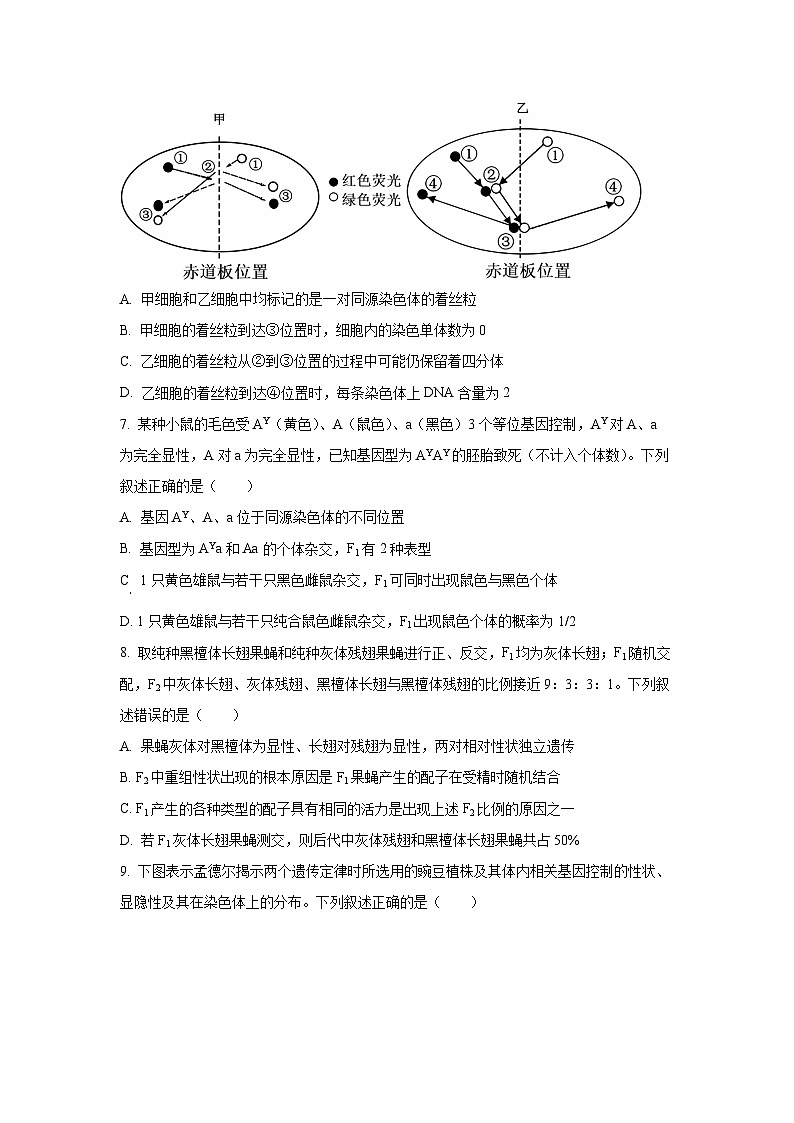 2025-2026学年河北省保定市五校高一上学期11月期中生物试卷(学生版)第3页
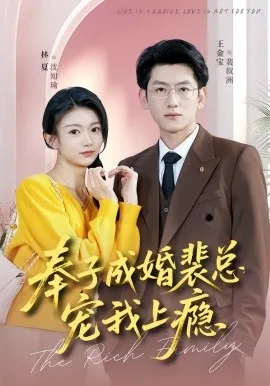 奉子成婚裴总宠我上瘾
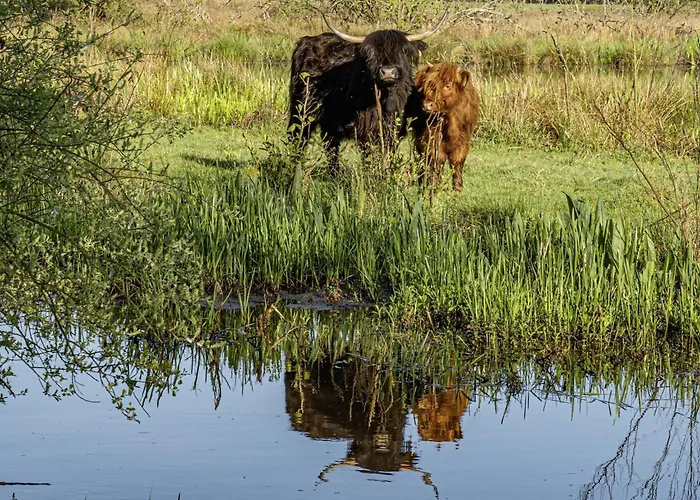 Modern In With Parking Apartment *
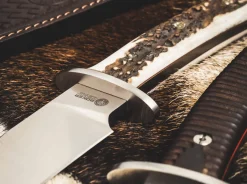 Böker Arbolito Esculta Hirschhorn Braun Online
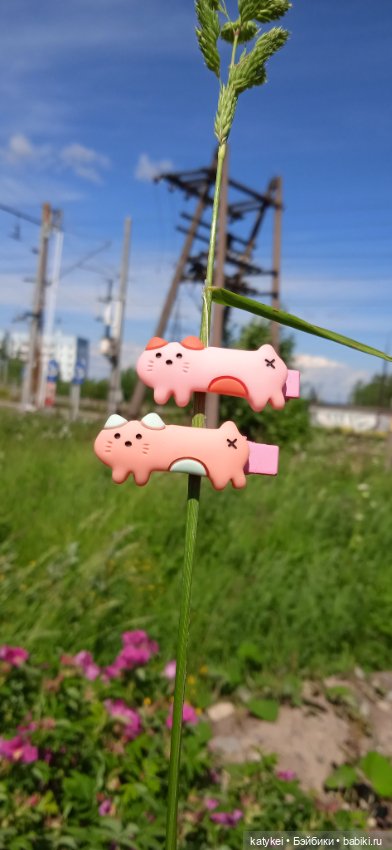 Шиповниковое мороженое и другие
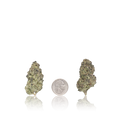 Premium Flower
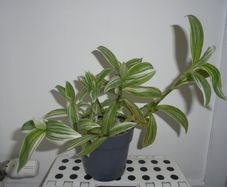 House plants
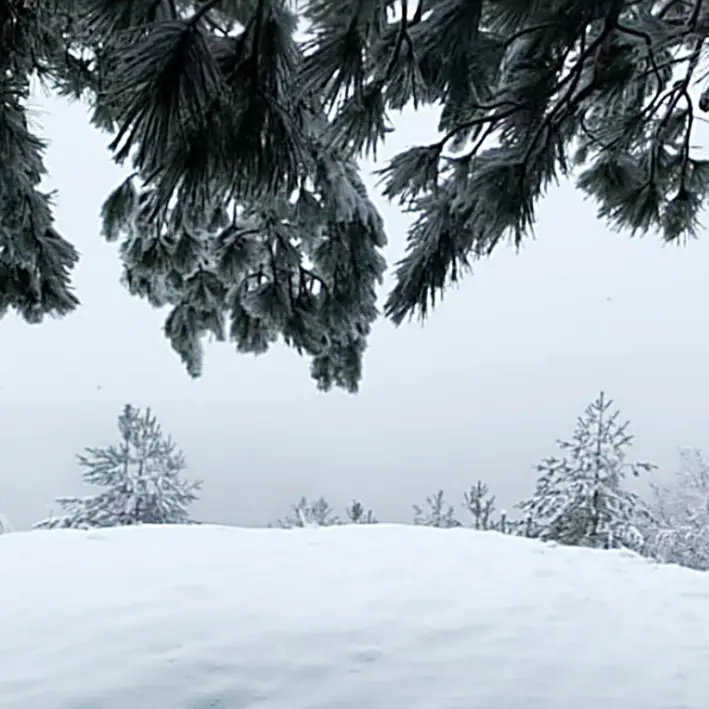 Torna la neve in Sila, il panorama imbiancato è da favola: video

▶ [Work instructions]: Transcribe every line from the one with "Premium Flower" to the last line of the records above, exactly, excluding pictures.

▶ [Solved problem]:
 Premium Flower
 House plants
 Torna la neve in Sila, il panorama imbiancato è da favola: video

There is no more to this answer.